ダイバーシティ(多様性) 当事者が見た色覚特性のキラキラした世界

知識・経験で色を認識
~手法さまざま、代替策に活路も~ 【第4回】

 小学校の頃に使ったサクラクレパスのクーピーペンシル。この画像に私が話したいこと、皆さんが知りたいことの全てが詰まっていると思います。画像の通り、色覚特性を持っている場合は見えている色の数が少ないはずです。

 ここで皆さんにとても簡単な問題を出します。「色の名前を100個言ってみてください」

 意地悪な問いで答えられなくても仕方ありません。経験があっても役に立たず、知識がないと難しい問題です。第2回でお話しした通り、色覚特性のほとんどは知識と経験によって補えます。ただ、知識と経験でカバーできないときはちょっとしたずれが生じます。

 ◇表示見て確認

 12色程度の色鉛筆を想像してみましょう。同じ系統の色が複数あるわけではないので、「青」と言われたら簡単に指定の色を手に取れると思います。その青をいざ使おうとするとき、普通は「この色は本当に青かな?」とは考えないのではないでしょうか。

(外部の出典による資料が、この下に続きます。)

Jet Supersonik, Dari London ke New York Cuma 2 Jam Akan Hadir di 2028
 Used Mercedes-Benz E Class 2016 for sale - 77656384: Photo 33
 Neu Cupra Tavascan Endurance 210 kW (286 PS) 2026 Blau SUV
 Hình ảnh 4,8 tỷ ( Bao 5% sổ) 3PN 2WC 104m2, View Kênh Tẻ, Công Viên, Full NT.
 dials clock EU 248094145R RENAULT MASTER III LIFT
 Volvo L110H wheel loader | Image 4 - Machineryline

 これに対し、色覚特性を持っている人は「本当に青だろうか。紫かもしれない」と色鉛筆の軸に目をやり、「『あお』と書いてあった。良かった」という確認作業が必要になります。ただ、色覚特性の自覚がなければ確認もしないので、「青空を描いたつもりが夜空だった」「腐ったリンゴを描いていた」「桜を薄い水色で塗った」ということが起こります。絵の具や色鉛筆、クーピー、カラーペンの表記は、色覚特性を持っている人にはとても重要な情報です。

  幼稚園、小学校では生き生きとした色使いが珍しかったのでしょうか。絵のコンテストで何度か賞をもらった記憶があります。私の母親も私の絵を大いに褒めてくれるので、当時の私は「俺は絵がうまい!」と、自己肯定感を飛び越してナルシストに成長してしまいました。

 ◇高校の美術授業であらわに

 私は中学校で美術部に入ります。マイノリティーという意識に陶酔中の私は彫刻ばかりやっていて、絵の具を全く使いません。全部員が共通の絵を描くという課題もありましたが、顧問から「長瀬は色塗りが雑」と言われ、色使いがどうこうというより性格の問題として片づけられました。従って、色覚問題に関しては自分も周囲も全く気付きませんでした。

 「事件」は高校で起こります。私が通った高校は、芸術科目については選択式授業というシステムでした。私は音楽ではなく美術を選択します。授業で「いざ、美術部の実力をお見せしましょう」と意気込んで新しい絵の具箱を開いたものの、中の絵の具には「カーマイン」「ビリジアン」「バーントシェナー」など、知らない文字がたくさん書かれていました。今まで慣れ親しんできた表記と全く違い、この3色の見分けがつきません。見分けがつかないことにも気付いていない私は毒々しい色のリンゴを描き上げます。先生、友人から指摘を受けて初めて自覚し、この件を境に絵の具を使うことにためらいが出るようになってしまいました。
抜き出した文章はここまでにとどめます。